The Tragic Conviction Of Alan Turing

Forget various religious rules and regulations for the moment. Put aside other organizations and whatever governing principles they might implement. Just look at the law.

In 1533, King Henry VIII ruled England. At that point he'd been on the throne for better than 20 years and was going to stay there until his death on January 28, 1547. It was an important year in English history: Henry's marriage to Catherine of Aragon was annulled that year, and it was the year he married Anne Boleyn. And as the British Library tells us, 1533 was also the year that Parliament passed The Buggery Act, making male homosexual relations a crime punishable by death.

More than 300 years later — 1861 — lawmakers softened the penalty to a minimum of 10 years in prison. The screws were tightened in 1885 with the Criminal Law Amendment Act, which made any male homosexual activity, private or otherwise, witnessed or not, a criminal offense. Even a private love letter between two men was sufficient for prosecution; the law was abominably vague, and would later be used against Oscar Wilde. Only males fell under the law. A 1921 legal debate kept women exempt because it was thought that a law targeting lesbians "would draw attention and encourage women to explore homosexuality."

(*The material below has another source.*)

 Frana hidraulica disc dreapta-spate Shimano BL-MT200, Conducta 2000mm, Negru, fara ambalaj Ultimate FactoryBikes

Turing's work was crucial for the Allied victory over the Nazis in World War II

Prosecutions of homosexuals increased in England after World War II, and one of the individuals so ensnared was a mathematician. He's widely celebrated today as a mathematical genius who broke German military codes and in a very real sense contributed enormously to the Allied victory over the Nazis, saving countless lives in the process. But at the time, Alan Turing was just another slightly eccentric academic who wore a gas mask when he rode his bicycle because of his allergies, and if he didn't ride his bicycle would run almost everywhere else, at least in part to relieve job stress. (Mental Floss tells that he would chain his tea mug to the radiator at work, to keep other people from using it.)

In addition to his genius, Turing was gay. As Biography reports, in 1952, Turing called the police regarding a break-in. During the course of the investigation Turing admitted that he'd had a sexual relationship with the perpetrator, a 19-year-old man named Arnold Murray.

A statue in Manchester commemorates Turing, who holds an apple

Turing was arrested and convicted of gross indecency. He was given a choice: prison, or a series of injections of synthetic estrogen — chemical castration, which eventually rendered him impotent. Because of his conviction his security clearance was removed and he was barred from continuing his cryptography work.

In June 1954, Turing was found dead in his home near Manchester, according to The New York Times. The death was ruled a suicide; the cause was cyanide poisoning, probably by dosing the apple found half-eaten near the body. It wasn't until 1967 that England decriminalized homosexual activity. In 2009 the government officially apologized for its treatment of Turing. Said Prime Minister Gordon Brown, "Alan and the many thousands of other gay men who were convicted, as he was, under homophobic laws were treated terribly." As computer scientist John Graham said, Turing "was a national treasure, and we hounded him to his death."

In 2013 Queen Elizabeth II issued Turing a royal pardon — quite posthumously. The statue of Turing in Manchester's Gay Village depicts him seated, holding an apple.